Exactly repeat all the records below, omitting the images they hold.

Data records:
####################
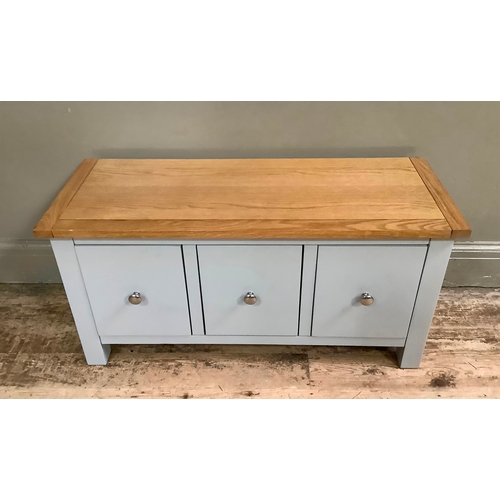 125 - A modern set of three grey deep drawers with chrome handles with solid wood top, 90cm wide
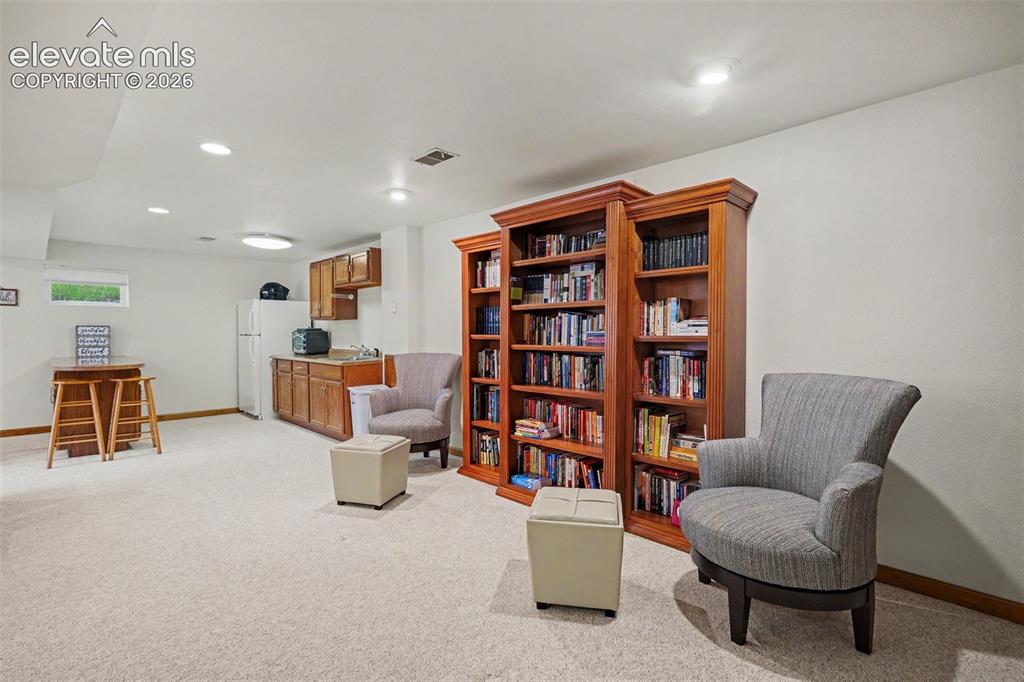 Image 22 of 39: Basement Family Room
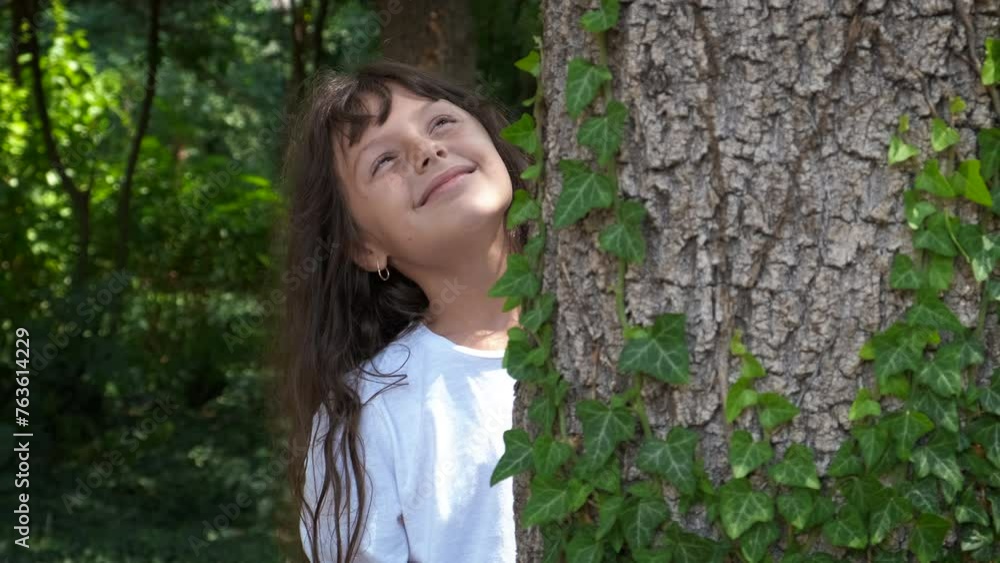 Alone child looking out from trunk in forest. An alone happy little girl look at the top of the green tree in the clean summer forest. Alone child looking out from trunk in forest. An alone happy little girl look at the top of the green tree in the clean summer forest.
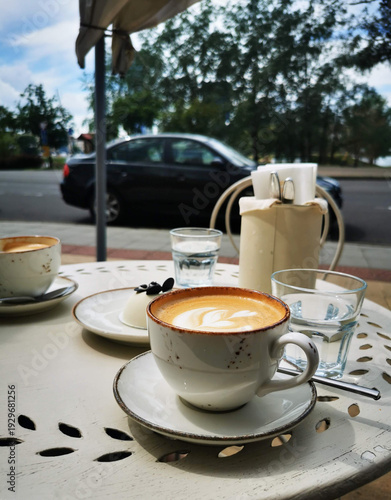 A cup of latte and a small dessert rest on an outdoor café table near glasses of water and street traffic. This image represents casual dining, warm beverages, and relaxed urban moments.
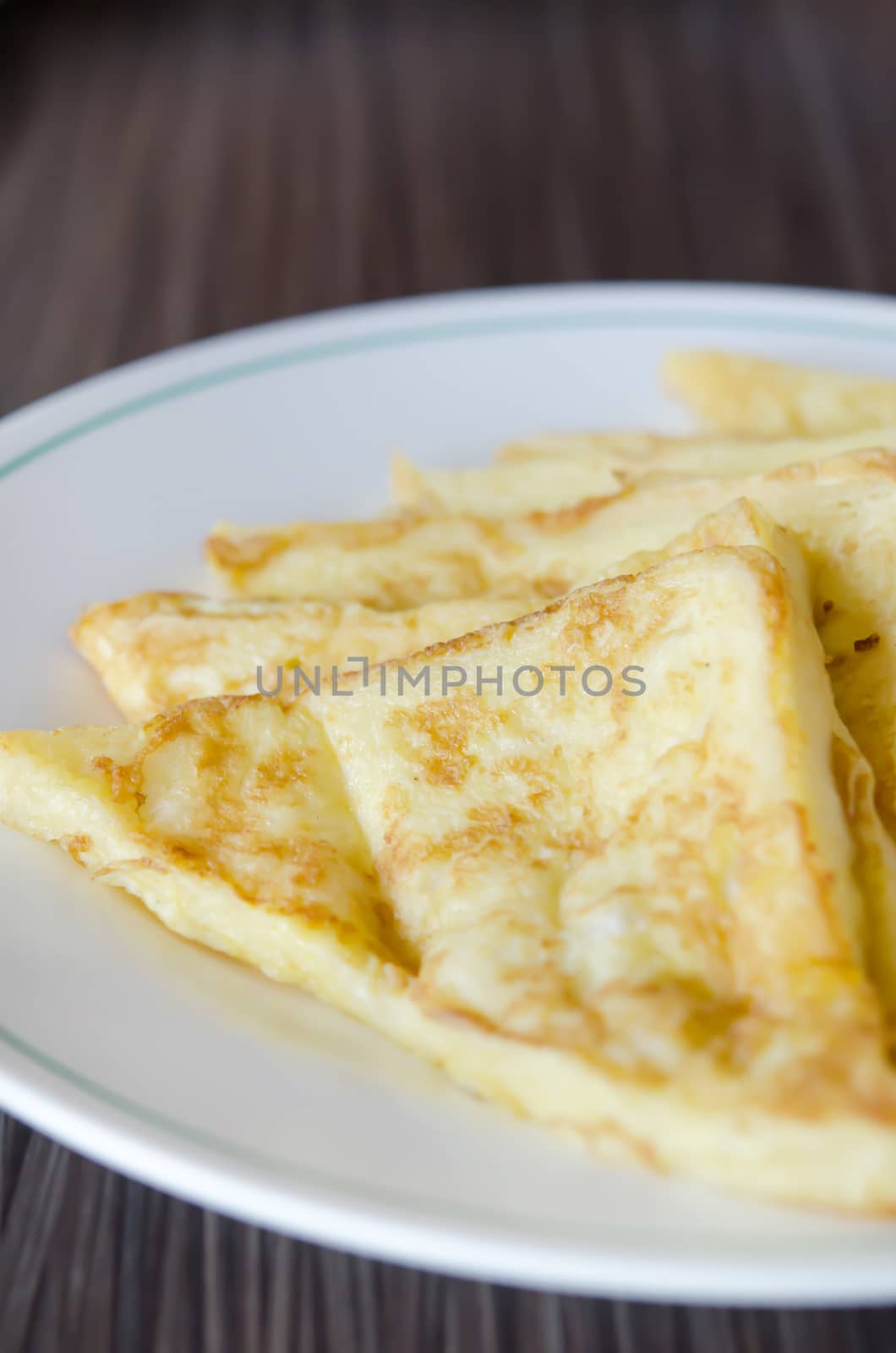 close up slices of french toast on a white dish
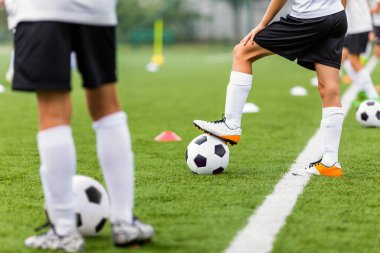 Futbol Eğitim Birimi. Siyah-Beyaz Futbol Giysilerinde Futbolcular Klasik Futbol Toplarını Tekmeliyor. Futbol Çim Atışı Antrenmanı. Okul Futbolu Eğitim Oturumu
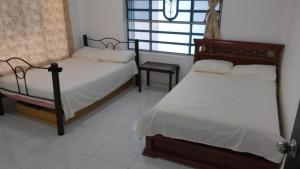 a bedroom with two beds and a window at San Alejo in San Joaquín
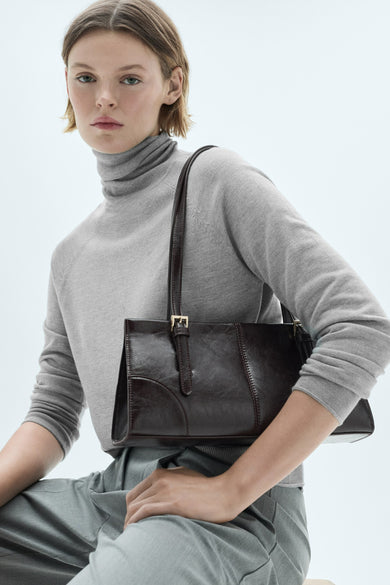 Beige coltrui van MANGO, gedragen met een grijze broek en een bruine leren handtas.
####################
Exercise result:
 125 - A modern set of three grey deep drawers with chrome handles with solid wood top, 90cm wide
 Image 22 of 39: Basement Family Room
 Alone child looking out from trunk in forest. An alone happy little girl look at the top of the green tree in the clean summer forest. Alone child looking out from trunk in forest. An alone happy little girl look at the top of the green tree in the clean summer forest.
 A cup of latte and a small dessert rest on an outdoor café table near glasses of water and street traffic. This image represents casual dining, warm beverages, and relaxed urban moments.
 close up slices of french toast on a white dish
 Futbol Eğitim Birimi. Siyah-Beyaz Futbol Giysilerinde Futbolcular Klasik Futbol Toplarını Tekmeliyor. Futbol Çim Atışı Antrenmanı. Okul Futbolu Eğitim Oturumu
 a bedroom with two beds and a window at San Alejo in San Joaquín
 Beige coltrui van MANGO, gedragen met een grijze broek en een bruine leren handtas.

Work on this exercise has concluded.